Climate change is impacting California now, and we need to continue to take bold and effective action to address it head-on to protect and improve the quality of life in California,” Mary Nichols, chair of the California Air Resources Board (CARB), said in a press release Friday.
Shortly after Trump was sworn into office, the newly updated White House website said the new administration will eliminate the Climate Action Plan, which seeks to cut emissions in part by preserving forests and encouraging increased use of cleaner renewable fuels.

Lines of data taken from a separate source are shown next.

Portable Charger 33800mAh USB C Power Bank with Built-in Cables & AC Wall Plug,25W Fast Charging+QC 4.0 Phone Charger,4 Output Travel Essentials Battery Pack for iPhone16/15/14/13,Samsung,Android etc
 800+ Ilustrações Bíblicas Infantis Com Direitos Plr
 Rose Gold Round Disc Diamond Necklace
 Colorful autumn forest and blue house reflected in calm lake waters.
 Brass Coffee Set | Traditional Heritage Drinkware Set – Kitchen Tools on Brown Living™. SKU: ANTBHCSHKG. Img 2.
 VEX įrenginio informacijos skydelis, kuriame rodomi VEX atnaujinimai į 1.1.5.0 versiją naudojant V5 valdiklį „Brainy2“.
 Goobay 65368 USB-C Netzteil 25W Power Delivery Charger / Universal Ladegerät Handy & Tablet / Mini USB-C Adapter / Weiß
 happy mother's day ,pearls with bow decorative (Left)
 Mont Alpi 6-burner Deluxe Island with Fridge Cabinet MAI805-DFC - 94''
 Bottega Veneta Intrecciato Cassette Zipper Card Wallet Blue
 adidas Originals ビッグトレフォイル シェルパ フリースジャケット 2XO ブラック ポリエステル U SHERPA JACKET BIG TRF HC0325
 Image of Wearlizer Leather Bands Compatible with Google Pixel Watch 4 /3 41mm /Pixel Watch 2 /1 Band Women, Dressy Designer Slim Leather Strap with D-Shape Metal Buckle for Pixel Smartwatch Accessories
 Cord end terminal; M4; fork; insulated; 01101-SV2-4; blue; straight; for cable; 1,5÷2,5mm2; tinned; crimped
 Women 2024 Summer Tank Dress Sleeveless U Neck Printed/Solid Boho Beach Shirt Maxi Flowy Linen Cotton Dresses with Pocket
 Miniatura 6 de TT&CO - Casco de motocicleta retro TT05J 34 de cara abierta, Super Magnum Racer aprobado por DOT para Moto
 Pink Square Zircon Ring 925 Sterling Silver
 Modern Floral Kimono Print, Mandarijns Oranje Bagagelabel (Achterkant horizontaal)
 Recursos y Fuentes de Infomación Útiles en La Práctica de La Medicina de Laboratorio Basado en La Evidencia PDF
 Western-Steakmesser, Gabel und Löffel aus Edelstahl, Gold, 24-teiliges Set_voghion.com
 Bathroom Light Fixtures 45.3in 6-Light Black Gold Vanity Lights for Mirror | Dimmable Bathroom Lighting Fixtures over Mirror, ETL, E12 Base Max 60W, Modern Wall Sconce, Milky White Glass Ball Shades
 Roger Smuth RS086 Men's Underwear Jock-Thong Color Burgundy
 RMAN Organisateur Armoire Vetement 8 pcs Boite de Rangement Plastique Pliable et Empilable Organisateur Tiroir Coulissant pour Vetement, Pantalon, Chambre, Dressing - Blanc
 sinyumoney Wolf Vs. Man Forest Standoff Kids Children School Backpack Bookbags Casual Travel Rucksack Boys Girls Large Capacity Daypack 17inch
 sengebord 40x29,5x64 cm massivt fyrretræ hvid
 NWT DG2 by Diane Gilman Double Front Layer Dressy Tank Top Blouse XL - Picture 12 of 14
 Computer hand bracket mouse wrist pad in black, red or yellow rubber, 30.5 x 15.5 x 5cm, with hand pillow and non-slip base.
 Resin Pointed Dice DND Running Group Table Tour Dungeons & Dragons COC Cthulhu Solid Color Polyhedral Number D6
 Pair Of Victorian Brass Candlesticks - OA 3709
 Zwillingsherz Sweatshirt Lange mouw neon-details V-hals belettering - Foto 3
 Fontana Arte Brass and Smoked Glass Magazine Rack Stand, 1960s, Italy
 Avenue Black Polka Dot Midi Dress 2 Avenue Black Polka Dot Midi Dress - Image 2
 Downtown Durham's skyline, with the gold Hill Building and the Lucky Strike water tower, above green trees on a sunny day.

California Governor Jerry Brown has already promised his state was “ready to fight” any attempts by the new administration to roll back the state’s policies that combat global warming.
According to the CARB, achieving the 2030 target under the proposed plan will continue to build on investments in clean energy and set the California economy on a trajectory to achieving an 80 percent reduction in greenhouse gas emissions by 2050.
The plan includes an extension of the state’s controversial carbon cap-and-trade program. Among other, it calls for adding 4.2 million zero-emissions vehicles in the state, increasing the stringency of its low-carbon fuel standard (reducing carbon intensity by 18 percent by 2030), and a 20 percent reduction of greenhouse gases from the state’s refinery sector.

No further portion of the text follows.